Quando mi condussero a casa loro, i nonni erano colmi di entusiasmo. Non avevano avuto figli e ormai alle soglie della vecchiaia, sprigionavano un’euforia palpabile, lo ricordo ancora. 
Il primo giorno fu traumatico per me: avevo poco più di tre anni.
Coccolata e guidata, educata alle responsabilità sin da piccola, in modo che imparassi da sola come comportarmi, cosa decidere.
Dialoghi confidenziali e battute in allegria, si respirava un’atmosfera semplice e genuina.
Non vivevamo nel lusso, non mi fecero mancare mai nulla; accettarono anche una sorta di zoo casalingo. Amavo gli animali me lo trasmise la nonna, quindi mi fu consentito di accoglierne diversi.
Un porcellino d’india, i canarini, pesci rossi tra i più longevi che abbia mai conosciuto. Un simpatico gatto grigio e un barboncino, compagno ideale della mia adolescenza.
Addirittura un pulcino, che in seguito divenne un gallo, il cui canto mattiniero metteva a disagio i nonni nei confronti del vicinato. Dovettero liberarsene.
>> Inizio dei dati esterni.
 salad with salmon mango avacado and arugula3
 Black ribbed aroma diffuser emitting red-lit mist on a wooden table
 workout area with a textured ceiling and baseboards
In questo mondo tanto cinico, dove i sentimenti sono un difetto, una debolezza da nascondere per non essere derisi e l’onestà è una parola in disuso, esattamente come il buon vecchio libro “Cuore”, che tanto significò un tempo. Il sistema maleducato e violento, di una società frenetica e insensibile, mi stupisce riflettere quanto fossero diverse le mie giornate di allora.
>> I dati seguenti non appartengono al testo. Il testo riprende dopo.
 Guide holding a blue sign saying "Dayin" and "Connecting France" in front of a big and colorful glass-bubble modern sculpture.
La cortesia e la disponibilità verso il prossimo, erano consuetudine. Nessuna critica o giudizio, sempre massimo rispetto per chiunque. Se capitava qualche argomento inconsueto, se ne parlava, mi veniva spiegato con una semplicità, che trovavo naturale condividere.
La nonna, con le sue storielle, dispensava allegria a tutti, vicini di casa compresi.
Se qualcuno era in difficoltà, aveva sempre pronta una parola di conforto e lo accoglieva a braccia aperte offrendogli tutta la sua attenzione.
Organizzavamo piacevoli gite domenicali ai piedi della collina, andando a cercare trattorie tipiche, dove gustare specialità piemontesi.
Si passeggiava lungo gli argini del Po, che emanava quel odore tipico dell’acqua di fiume, che a me sembrava mare. Intanto il nonno mi raccontava della sua giovinezza, le sue avventure da emigrante rientrato dal Venezuela.
Mi raccontavano degli sforzi per aiutare persone perseguitate, che avrebbero rischiato la pena di morte, se fossero state arrestate.
Nonna ospitò in soffitta un partigiano per molto tempo, agli esordi dell’ultima guerra.
La sera, quando la televisione trasmetteva programmi che il nonno non riteneva adatti a una bambina, si giocava a dama o a tombola.
Diversamente, dato che nel piano dello stabile, eravamo gli unici a possedere un televisore, i vicini si riunivano tutti nella mia camera, a seguire “Lascia o raddoppia” presentato dall’allora giovane debuttante Mike Bongiorno.
Carosello” era il mio programma preferito, come per la maggior parte dei bambini.
Nel periodo natalizio, mi accompagnavano a vedere i film per bambini. Ricordo il primo: “Marcellino pane e vino” quante lacrime versate.   
Una bambina serafica e tranquilla, diventata il collante, il legame tra il nonno e la nonna, quella scintilla che ormai avevano perso la speranza di vivere, il loro futuro rinato.
Per me invece, una ricchezza interiore assorbita, metabolizzata: la mia oasi serena. Un luogo del cuore, dove mi rifugio ancora per ritrovare i sapori di un clima familiare perduto.
Sono trascorsi moltissimi anni, ho molte difficoltà, nell’era in cui siamo, a trasmettere ai nipotini certi valori. Ormai è tutto cambiato. L’atmosfera natalizia è un grande business consumistico, ci
si preoccupa esclusivamente dei piaceri materiali.  
Scaldava il cuore, dopo la cena della vigilia, recarsi alla messa di mezzanotte, respirando un’atmosfera magica, condivisa con la gente, un momento di pace e preghiera.
La serenità genuina di allora è sfumata, svanita lasciando spazio alla nevrosi, sempre in agguato. Il rispetto per il prossimo è latente e sono io a sentirmi straniera nel mondo.
Quando voglio ritrovare quegli anni mi rifugio a pensare, poi racconto tra le righe di ciò che scrivo, tutta la serenità di cui ho fatto scorta e di cui mi nutro ancora, nei momenti bui.